Segment Start: Data to use
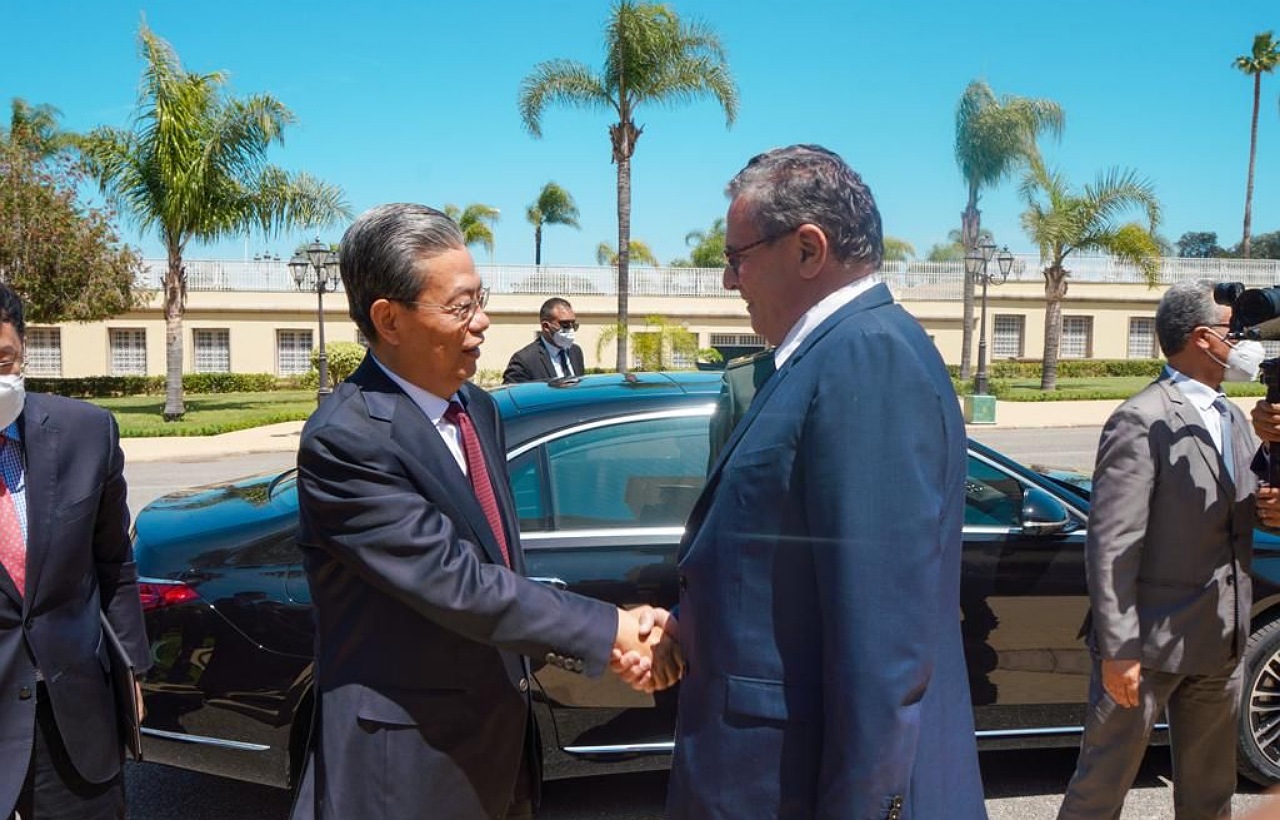 أخنوش يبحث مع وفد صيني سبل تعزيز التعاون بين البلدين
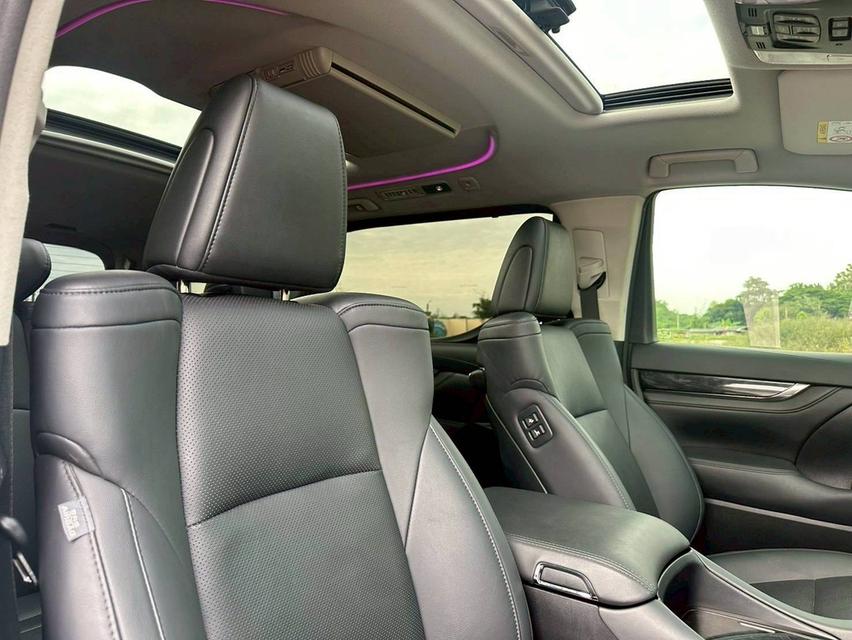 Toyota Alphard 2.5 SC Package MNC ปี 2020 จด 2021 12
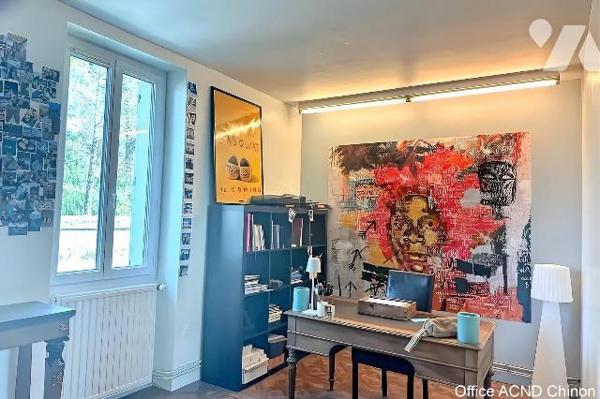 Plein centre de Beaumont en Veron au calme !
Unique,  découvrez cette proprieté  ancienne situ...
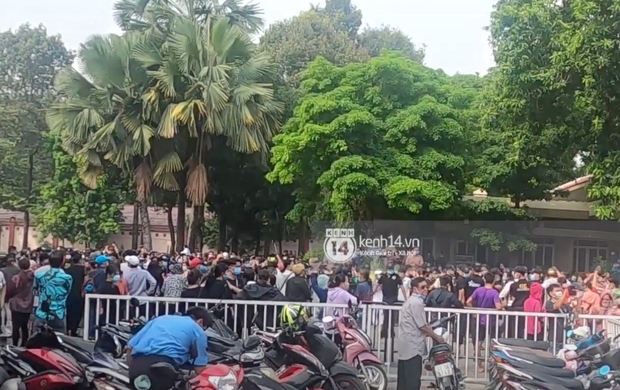 Đám đông hỗn loạn ùa vào tang lễ NS Chí Tài: Có người không đeo khẩu trang, 50 bảo vệ vẫn không kiểm soát được - Ảnh 5. Đám đông hỗn loạn ùa vào tang lễ NS Chí Tài: Có người không đeo khẩu trang, 50 bảo vệ vẫn không kiểm soát được - Ảnh 5.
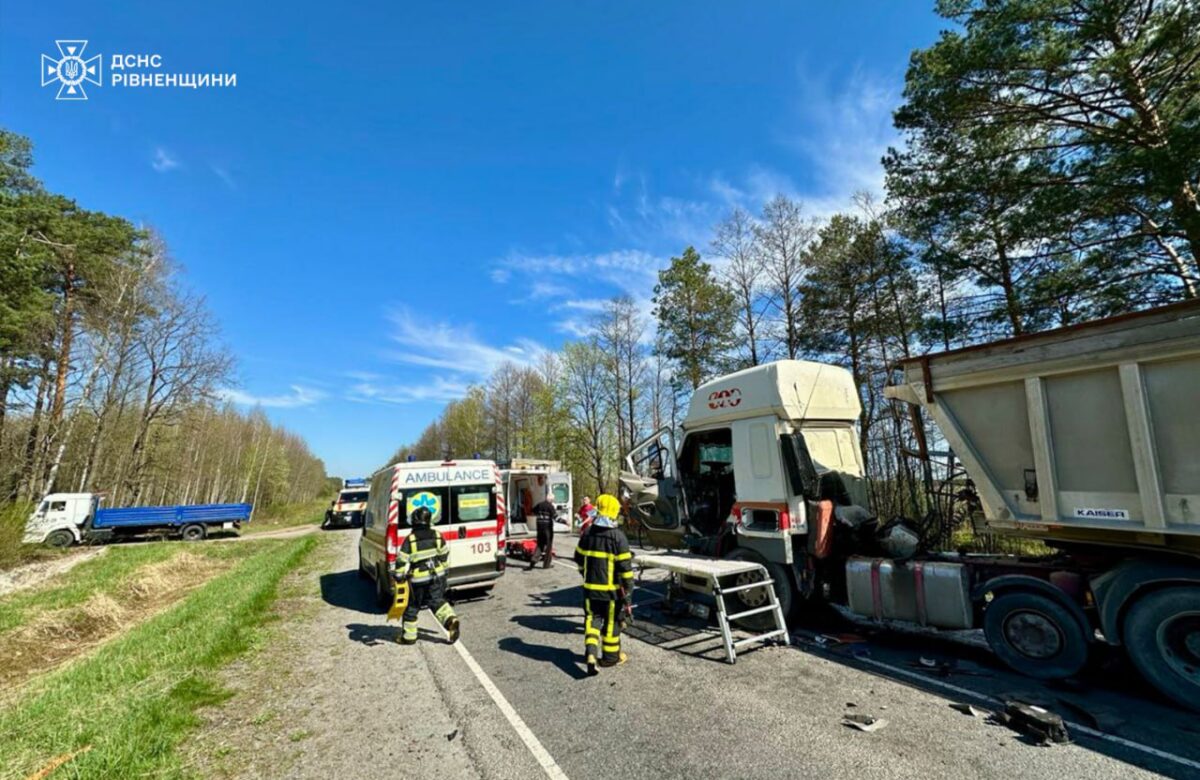 Водія, який постраждав у ДТП двох вантажівок на Рівненщині, деблокували рятувальники (ФОТО)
Segment End: Data to use
* [Activity]
Leaving out the pictures, repeat all of the entries exactly.

* [Task answer]
 أخنوش يبحث مع وفد صيني سبل تعزيز التعاون بين البلدين
 Toyota Alphard 2.5 SC Package MNC ปี 2020 จด 2021 12
 Plein centre de Beaumont en Veron au calme !
Unique,  découvrez cette proprieté  ancienne situ...
 Đám đông hỗn loạn ùa vào tang lễ NS Chí Tài: Có người không đeo khẩu trang, 50 bảo vệ vẫn không kiểm soát được - Ảnh 5. Đám đông hỗn loạn ùa vào tang lễ NS Chí Tài: Có người không đeo khẩu trang, 50 bảo vệ vẫn không kiểm soát được - Ảnh 5.
 Водія, який постраждав у ДТП двох вантажівок на Рівненщині, деблокували рятувальники (ФОТО)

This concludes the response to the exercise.